◆ WORK REQUEST ◆
Below this sentence is a listing; return exactly its lines from the one with "Apartaestudio En Arriendo" to the one with "A woman's hand wearing the Oura Ring 5", both kept, and nothing more.

◆ INFORMATION GIVEN ◆
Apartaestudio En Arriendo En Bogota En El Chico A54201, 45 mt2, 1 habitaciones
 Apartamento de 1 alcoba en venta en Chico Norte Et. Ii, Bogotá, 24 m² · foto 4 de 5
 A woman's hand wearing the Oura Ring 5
--
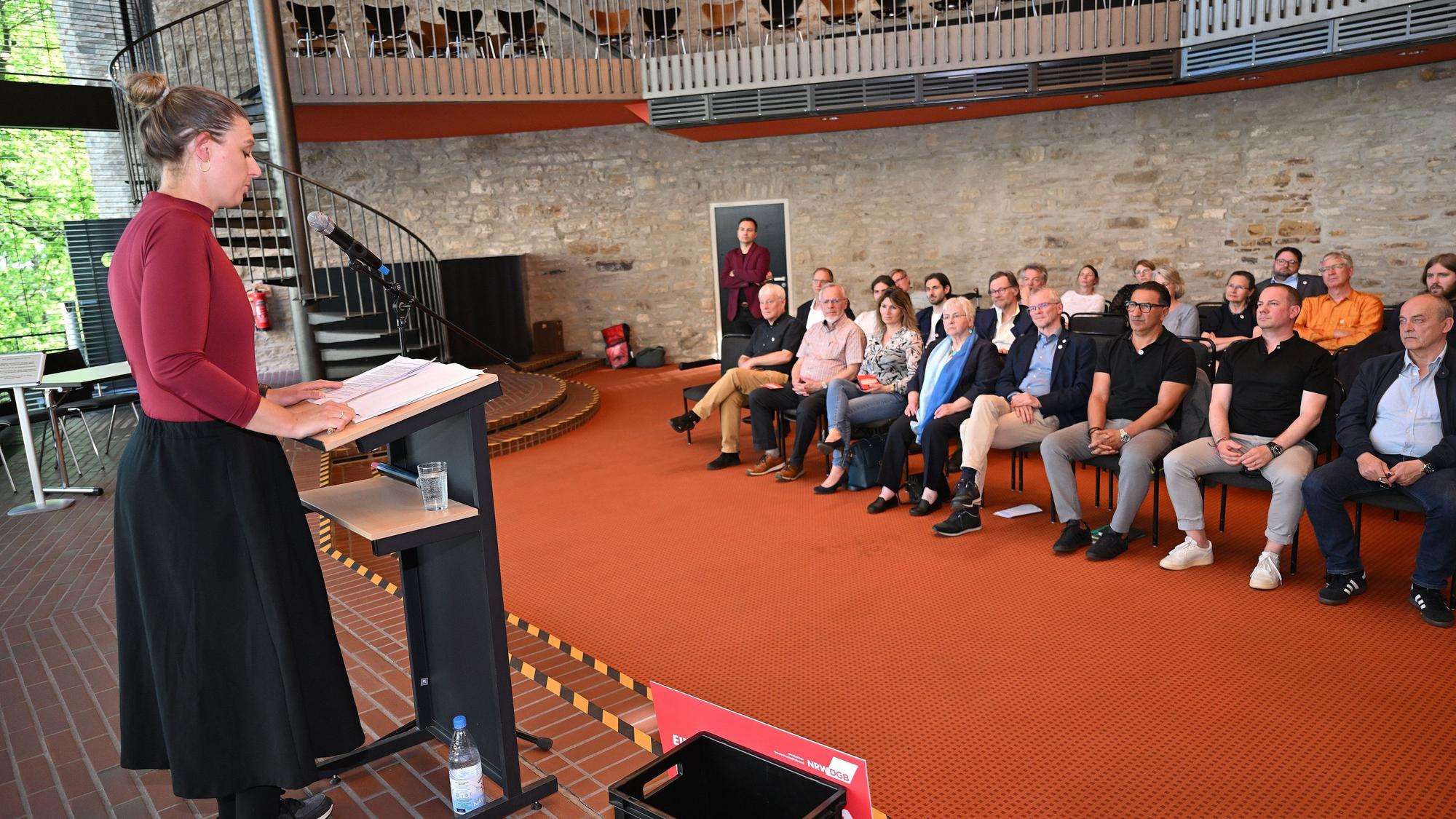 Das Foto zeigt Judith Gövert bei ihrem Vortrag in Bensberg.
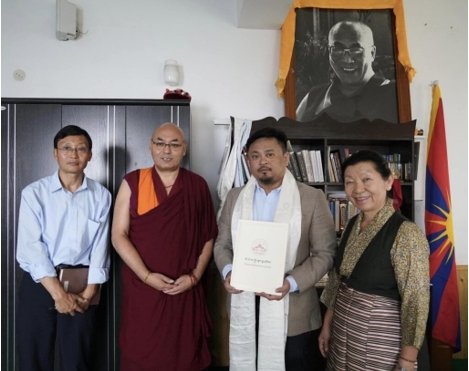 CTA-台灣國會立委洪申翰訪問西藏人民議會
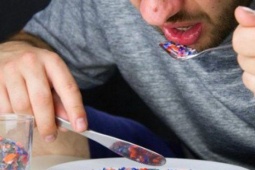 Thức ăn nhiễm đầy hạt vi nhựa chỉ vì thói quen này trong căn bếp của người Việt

◆ OUTPUT FOR THIS TASK ◆
Apartaestudio En Arriendo En Bogota En El Chico A54201, 45 mt2, 1 habitaciones
 Apartamento de 1 alcoba en venta en Chico Norte Et. Ii, Bogotá, 24 m² · foto 4 de 5
 A woman's hand wearing the Oura Ring 5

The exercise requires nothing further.